Our capital ratios under the revised capital framework referred to as Basel III remain well above regulatory standards.

    CVB Financial Corp. Consolidated
  Minimum Required Plus
Capital Conservation Buffer
 March 31,
2026
 December 31,
2025
 March 31,
2025
         
Tier 1 leverage capital ratio 4.0% 11.9% 11.6% 11.8%
Common equity Tier 1 capital ratio 7.0% 16.3% 15.9% 16.5%
Tier 1 risk-based capital ratio 8.5% 16.3% 15.9% 16.5%
Total risk-based capital ratio 10.5% 17.1% 16.7% 17.3%
         
Tangible common equity (“TCE”) ratio   10.5% 10.3% 10.0%
            

CitizensTrust
As of March 31, 2026, CitizensTrust had approximately $5.06 billion in assets under management and administration, including $3.70 billion in assets under management. Revenues were $3.7 million for the first quarter of 2026, compared to $4.0 million in the fourth quarter and $3.4 million for the first quarter of 2025. CitizensTrust provides trust, investment and brokerage related services, as well as financial, estate and business succession planning.

Corporate Overview
CVB Financial Corp. (“CVBF”) is the holding company for Citizens Business Bank, National Association. CVBF is one of the ten largest bank holding companies headquartered in California with more than $20 billion in total assets as of the closing of the mergers with Heritage Commerce Corp and its principal banking subsidiary, Heritage Bank of Commerce. Citizens Business Bank, National Association, is consistently recognized as one of the top performing banks in the nation and offers a wide array of banking, lending and investing services with more than 75 banking centers and three trust office locations serving California.

Shares of CVB Financial Corp. common stock are listed on the NASDAQ under the ticker symbol “CVBF”. For investor information on CVB Financial Corp., visit our Citizens Business Bank website at www.cbbank.com and click on the “Investors” tab.

Conference Call
Management will hold a conference call at 7:30 a.m. PDT/10:30 a.m. EDT on Thursday, April 23, 2026, to discuss the Company’s first quarter 2026 financial results. The conference call can be accessed live by registering at: https://register-conf.media-server.com/register/BI42ee6e6012794b7dbf964ef79723487c

The conference call will also be simultaneously webcast over the Internet; please visit our Citizens Business Bank website at www.cbbank.com and click on the “Investors” tab to access the call from the site. Please access the website 15 minutes prior to the call to download any necessary audio software. This webcast will be recorded and available for replay on the Company’s website approximately two hours after the conclusion of the conference call and will be available on the website for approximately 12 months.

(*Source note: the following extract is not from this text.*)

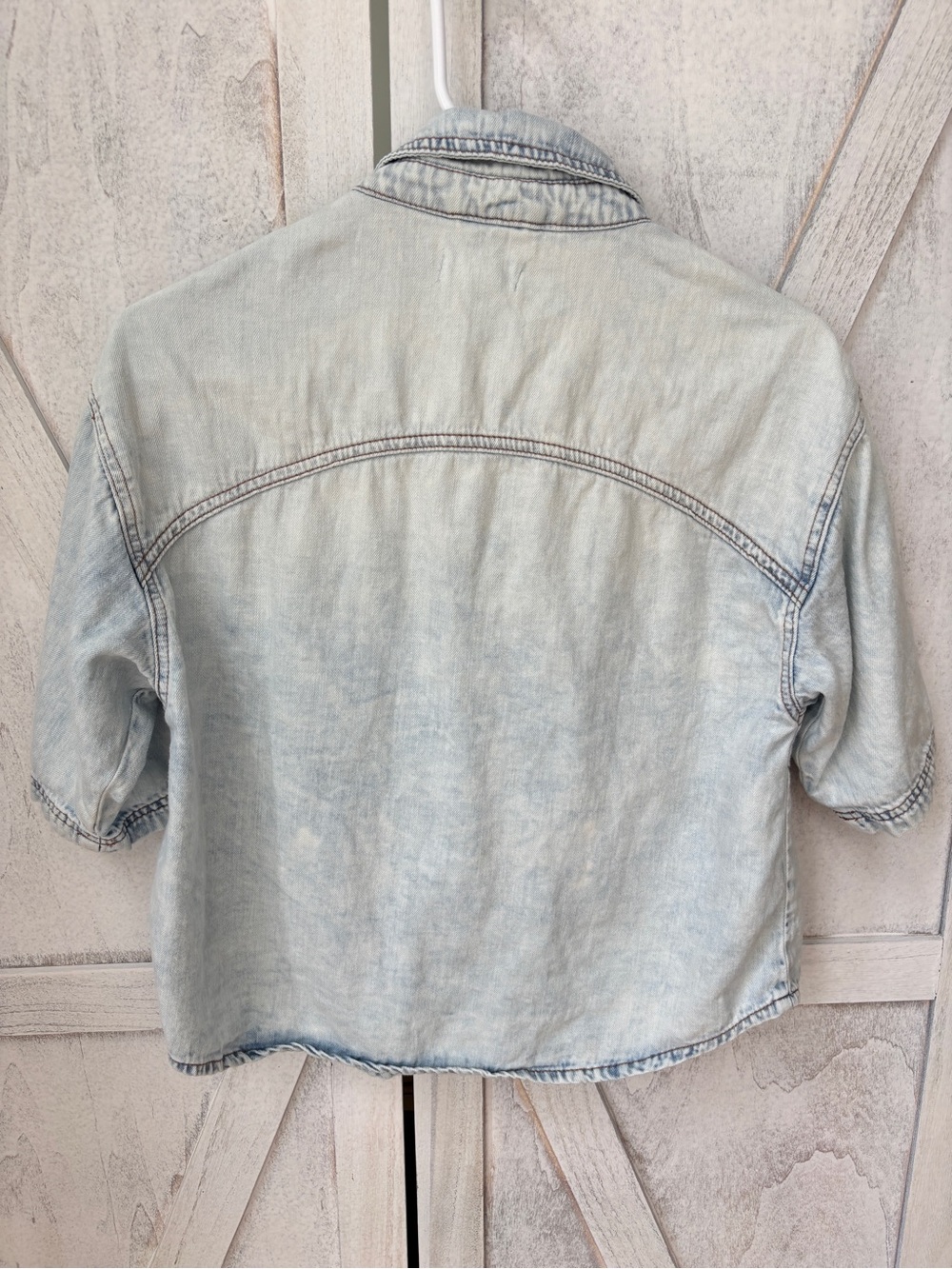 Evereve Light Wash Denim Top Women’s Size Small Linen Blend Western Cowgirl - Picture 2 of 6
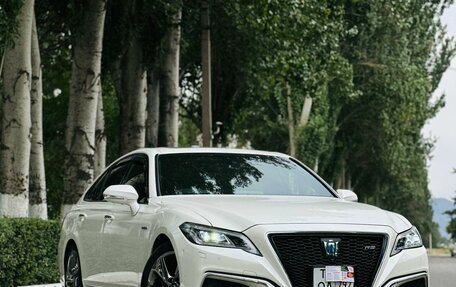 Toyota Crown, 2019 год, 3 200 000 рублей, 2 фотография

Forward-Looking Statements

Certain statements set forth herein constitute forward-looking statements within the meaning of the Private Securities Litigation Reform Act of 1995. Words such as “will likely result”, “aims”, “anticipates”, “believes”, “could”, “estimates”, “expects”, “hopes”, “intends”, “may”, “plans”, “projects”, “seeks”, “should”, “will,” “strategy”, “possibility”, and variations of these words and similar expressions help to identify these forward-looking statements, which involve risks and uncertainties that could cause actual results or performance to differ materially from those projected. These forward-looking statements are based on management’s current expectations and beliefs concerning future developments and their potential effects on the Company including, without limitation, plans, strategies, goals and statements about the Company’s outlook regarding revenue and asset growth, financial performance and profitability, capital and liquidity levels, loan and deposit levels, growth and retention, yields and returns, loan diversification and credit management, stockholder value creation, tax rates, the impact of business, economic, or political developments, the impact of monetary, fiscal and trade policies, and the impact of acquisitions we have made or may make, including our recent acquisition of Heritage Commerce Corp (“Heritage”) and its principal banking subsidiary, Heritage Bank of Commerce. Such statements involve inherent risks and uncertainties, many of which are difficult to predict and are generally beyond the control of the Company, and there can be no assurance that future developments affecting the Company will be the same as those anticipated by management. The Company cautions readers that a number of important factors, in addition to those set forth below, could cause actual results to differ materially from those expressed in, or implied or projected by, such forward-looking statements.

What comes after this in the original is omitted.